Cermin untuk Masa Depan: Mewujudkan Hukum yang Berpihak pada Rakyat
Pada akhirnya, reformasi KUHP ini adalah cermin bagi kita sebagai bangsa. Di hadapan cermin ini, kita tidak hanya melihat hukum yang tertulis, tetapi juga keberpihakan kita. Apakah kita sungguh ingin hukum yang melayani rakyat? Apakah kita berani meninggalkan warisan kontrol dan membangun hukum yang berpihak pada kebebasan dan keadilan?

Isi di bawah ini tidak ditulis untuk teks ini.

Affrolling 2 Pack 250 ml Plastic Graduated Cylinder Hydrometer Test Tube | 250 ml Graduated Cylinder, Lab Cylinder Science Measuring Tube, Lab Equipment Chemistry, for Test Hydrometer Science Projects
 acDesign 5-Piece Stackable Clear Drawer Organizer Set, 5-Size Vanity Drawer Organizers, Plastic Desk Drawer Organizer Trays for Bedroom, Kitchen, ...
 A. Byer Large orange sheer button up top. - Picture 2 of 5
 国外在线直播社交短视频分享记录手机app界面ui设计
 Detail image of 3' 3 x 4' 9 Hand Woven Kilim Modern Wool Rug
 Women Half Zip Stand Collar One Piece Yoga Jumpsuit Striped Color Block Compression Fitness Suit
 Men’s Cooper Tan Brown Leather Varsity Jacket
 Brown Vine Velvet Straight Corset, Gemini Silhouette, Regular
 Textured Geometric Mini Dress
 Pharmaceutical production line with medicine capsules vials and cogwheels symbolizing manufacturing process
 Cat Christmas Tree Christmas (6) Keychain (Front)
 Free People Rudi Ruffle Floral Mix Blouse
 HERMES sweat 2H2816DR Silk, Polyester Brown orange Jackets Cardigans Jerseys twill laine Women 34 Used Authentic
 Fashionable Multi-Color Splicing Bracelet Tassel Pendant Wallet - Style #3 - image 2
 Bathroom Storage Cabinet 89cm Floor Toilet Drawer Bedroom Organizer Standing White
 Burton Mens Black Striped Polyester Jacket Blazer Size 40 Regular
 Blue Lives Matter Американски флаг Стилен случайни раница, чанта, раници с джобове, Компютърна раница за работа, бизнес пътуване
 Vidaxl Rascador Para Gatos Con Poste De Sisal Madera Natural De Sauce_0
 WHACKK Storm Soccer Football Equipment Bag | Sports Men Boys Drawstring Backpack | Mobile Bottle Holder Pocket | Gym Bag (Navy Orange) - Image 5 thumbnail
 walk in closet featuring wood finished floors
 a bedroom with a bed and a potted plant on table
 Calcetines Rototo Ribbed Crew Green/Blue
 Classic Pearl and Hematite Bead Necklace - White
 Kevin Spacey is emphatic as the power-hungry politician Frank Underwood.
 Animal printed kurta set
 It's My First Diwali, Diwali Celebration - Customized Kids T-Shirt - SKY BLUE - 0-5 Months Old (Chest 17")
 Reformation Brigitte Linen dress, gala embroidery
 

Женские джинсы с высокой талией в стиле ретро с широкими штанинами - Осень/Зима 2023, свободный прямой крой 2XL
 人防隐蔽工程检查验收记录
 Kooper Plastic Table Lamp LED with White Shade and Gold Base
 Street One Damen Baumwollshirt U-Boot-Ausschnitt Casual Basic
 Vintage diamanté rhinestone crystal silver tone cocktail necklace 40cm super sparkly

Cermin reformasi ini menuntut kita untuk melihat lebih dalam, untuk bertanya pada diri sendiri: apakah KUHP baru ini benar-benar untuk rakyat atau hanya sekadar wajah baru dari aturan lama yang mengikat? Jika hukum yang kita ciptakan tidak menghormati hak asasi manusia, jika hukum hanya menjadi alat kontrol, maka kita telah kehilangan inti dari keadilan itu sendiri.
Hukum bukanlah sekadar teks atau pasal yang tertulis, tetapi nilai yang hidup dalam jiwa masyarakat. Ketika kita bicara tentang reformasi KUHP, kita tidak hanya bicara tentang aturan baru, tetapi juga tentang janji kepada generasi mendatang. Janji untuk menjadi bangsa yang tidak hanya taat hukum, tetapi juga menghormati setiap hak individu dan membela kebebasan yang menjadi bagian dari jati diri kita sebagai manusia. Inilah tugas kita, ujian bagi keberpihakan kita, untuk memastikan bahwa hukum ini bukan sekadar kata-kata, tetapi janji nyata yang hidup di dalam nurani bangsa kita.